Et maintenant, j'avoue que moi qui m'accrochais à l'Eglise pour la mozette de velours rouge, moi qui avais l'habitude de tempêter contre ceux qui veulent enseigner au Pape ce qu'il doit dire, je me mets à dire du mal de notre Pasteur, le maltraitant avec des allusions cinématographiques à la Charlie Hebdo. Serais-je une victime du diable, qui divise ? Serais-je en train de rédiger une résevation en ligne pour l'enfer? Ou bien est-il juste que, fréquentant [le milieu de] la communication et en admirateur des Jésuites d'antan, la légèreté d'un Pontife me choque?
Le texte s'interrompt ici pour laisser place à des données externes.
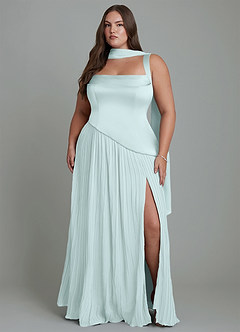 Azazie Stephanie Vestidos de damas de honor Vestido Vidrio Marino de Satén Elástico de Línea A con Plisado image14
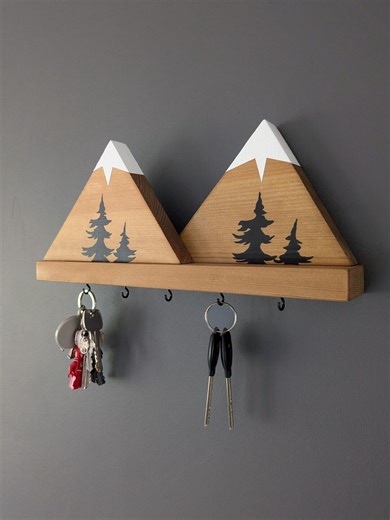 Wooden Mountain Key Holder | Handcrafted Wall Key Hanger Rack With Mountains | Rustic Minimal - Etsy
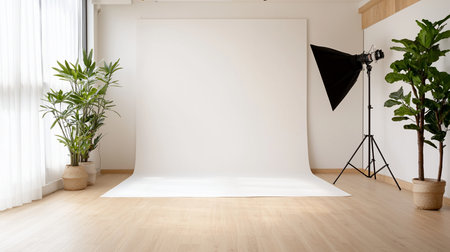 A clean, minimalist photography studio with a seamless white backdrop, two potted green plants, and a professional lighting setup.の素材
En tout cas, je viens d'allumer un cierge à la Sainte Vierge.

Notes de traduction

(1) Jeu de mots: tanguero signifie "danseur de tango", et tanghero se traduirait par "rustre" ou "goujat"

(2) La comparaison n'est pas vraiment pertinente, sinon pour les chaussures.! Pour les idées, François est l'anti-don Camillo par excellence...

(3) La ressemblance est effectivement frappante, comme le prouve l'image ci-contre.

(4) Allusion à l'éthymologie du mot "pontife" qui signifie littéralement "qui fait des ponts"

(5) cf. Matthieu 10:16

(6) La Croce: quotidien catholique lancé en janvier dernier par un certain Mario Adinolfi, un homme venu de la gauche. Certaines "mauvaises langues" ont pensé à une opération de sauvetage de François...

(7) En fait ce texte remonte au Pontificat de Benoît XVI!!

(8) Je me garderais de généraliser. Je connais des jésuites qui sont de bonnes et nobles personnes.